Then save the changes and reload the page in the browser. You should then use Explore > Reset Remote Storage… to inform TopBraid that your asset collection shall be treated as a container for remote data. Unless remote is editable is true, this essentially makes the asset collection read-only and disallows any edits except to the Home asset. Instead, TopBraid EDG will manage the updates to this asset collection, for example by loading missing assets when they are needed.

Attention

You need to use Explore > Reset Remote Storage after any change that may affect access to your remote data. This includes changes to the Remote Data section on the Home asset, but also any changes to the Ontologies that describe which classes and instances are present on the remote data source.

With the connection to the SPARQL endpoint just established, the asset collection will be empty by default. Unless the asset collection operates in complete mode, you need to use the following properties to instruct TopBraid about which assets and instances of which classes exist on the remote data source:

  • Remote namespaces must enumerate the namespaces of all assets on the remote data source that you want to use. For example, use http://www.wikidata.org/entity/ for all wikidata entities from that namespace. This information is used by TopBraid whenever a user navigates to a remote asset, e.g. by following a link from a Geography Taxonomy country to its Wikidata sibling. Using these namespaces, TopBraid and the user interface can determine whether it needs to ask the database for missing triples.

  • Remote classes can be used to inform the Search panel and similar features that it needs to query the remote data sources for instances of certain classes. In the case of the Wikidata sample Data Graph, the only remote class is Wikidata Entity, which is the superclass of all other Wikidata classes such as Wikidata Country. Whenever a user searches for Wikidata Countries, the remote endpoint will be queried to fetch matches.

  • Remote languages can be used to limit which literals will be loaded from the remote endpoint. This is important for cases like Wikidata where each asset has dozens of labels and descriptions, which would quickly overwhelm the user experience and slow down the system if unchecked.

To aid you with these settings, TopBraid includes two menu items in the Modify menu of the Home asset of your remote asset collection:

  • Add used Remote Classes… will look for any classes that appear in rdf:type triples of the SPARQL endpoint and use them to populate the remote classes setting.

  • Add used Remote Namespaces… will look for any namespaces that are used in subjects of the SPARQL endpoint and use them to populate the remote namespaces setting.

In both cases, you may want to post-process the suggested values.

Hint

If you allow editing, make sure that the Default Namespace is one of the remote namespaces, because the create asset dialogs will only allow entering URIs using the remote namespaces.

Again, use Explore > Reset Remote Storage after any change to such values.

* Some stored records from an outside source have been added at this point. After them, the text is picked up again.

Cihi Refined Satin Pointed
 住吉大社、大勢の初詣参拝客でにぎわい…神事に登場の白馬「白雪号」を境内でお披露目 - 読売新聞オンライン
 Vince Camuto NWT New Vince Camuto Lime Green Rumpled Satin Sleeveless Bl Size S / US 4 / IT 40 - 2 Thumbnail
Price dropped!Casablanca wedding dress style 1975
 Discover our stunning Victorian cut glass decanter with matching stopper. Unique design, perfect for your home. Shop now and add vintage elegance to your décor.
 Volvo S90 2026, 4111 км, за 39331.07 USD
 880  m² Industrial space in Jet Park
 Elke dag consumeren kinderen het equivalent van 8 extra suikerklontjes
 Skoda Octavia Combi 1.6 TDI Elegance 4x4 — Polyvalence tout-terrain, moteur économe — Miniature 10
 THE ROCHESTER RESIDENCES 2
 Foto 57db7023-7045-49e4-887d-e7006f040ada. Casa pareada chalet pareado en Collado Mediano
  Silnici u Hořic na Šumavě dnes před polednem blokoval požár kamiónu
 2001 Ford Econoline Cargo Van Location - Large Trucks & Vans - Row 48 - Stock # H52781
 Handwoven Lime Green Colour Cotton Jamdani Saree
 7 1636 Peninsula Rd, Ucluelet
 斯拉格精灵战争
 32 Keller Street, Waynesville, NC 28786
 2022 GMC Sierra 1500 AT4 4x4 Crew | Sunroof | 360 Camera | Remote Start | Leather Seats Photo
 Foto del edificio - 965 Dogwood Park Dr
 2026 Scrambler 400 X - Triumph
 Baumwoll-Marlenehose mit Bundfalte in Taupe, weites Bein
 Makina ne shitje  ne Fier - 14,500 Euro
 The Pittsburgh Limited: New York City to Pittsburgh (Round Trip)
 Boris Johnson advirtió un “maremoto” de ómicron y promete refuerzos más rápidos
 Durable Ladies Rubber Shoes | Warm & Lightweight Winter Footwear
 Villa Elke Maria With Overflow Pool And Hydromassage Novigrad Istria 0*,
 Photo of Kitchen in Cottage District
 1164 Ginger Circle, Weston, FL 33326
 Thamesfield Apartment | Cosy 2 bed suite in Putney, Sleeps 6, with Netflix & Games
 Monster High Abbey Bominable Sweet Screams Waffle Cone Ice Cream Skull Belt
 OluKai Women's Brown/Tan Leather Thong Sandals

Security Concerns for Remote Databases

If a SPARQL endpoint is protected by user name and password, an administrator needs to add the URL of the endpoint alongside with the user name and password on the Password Management page. This will store that user name and password in secure storage, preventing normal users from seeing those parameters. When entering the password, the scope needs to be the short ID of the asset collection for which the URL will be used. The short ID is the part of the base URI after urn:x-evn-master:.

Hint

Support for remote data sources is switched on by default. However, the system administrator can de-activate it using the disableRemoteData setup field. There is also a setup field disableRemoteEditing to generally disable remote editing.

Controlling when Remote Assets will get loaded

Note

This section is only relevant if your asset collection is not in complete mode.

TopBraid’s user interface will recognize remote assets and load missing properties when needed. For example, the Search panel understands that it needs to query the remote database via SPARQL when you search for instances of a class that is known to exist on the remote endpoint.

For cases where the automatic loading of assets is not sufficient, TopBraid provides control over which assets are loaded into the local storage.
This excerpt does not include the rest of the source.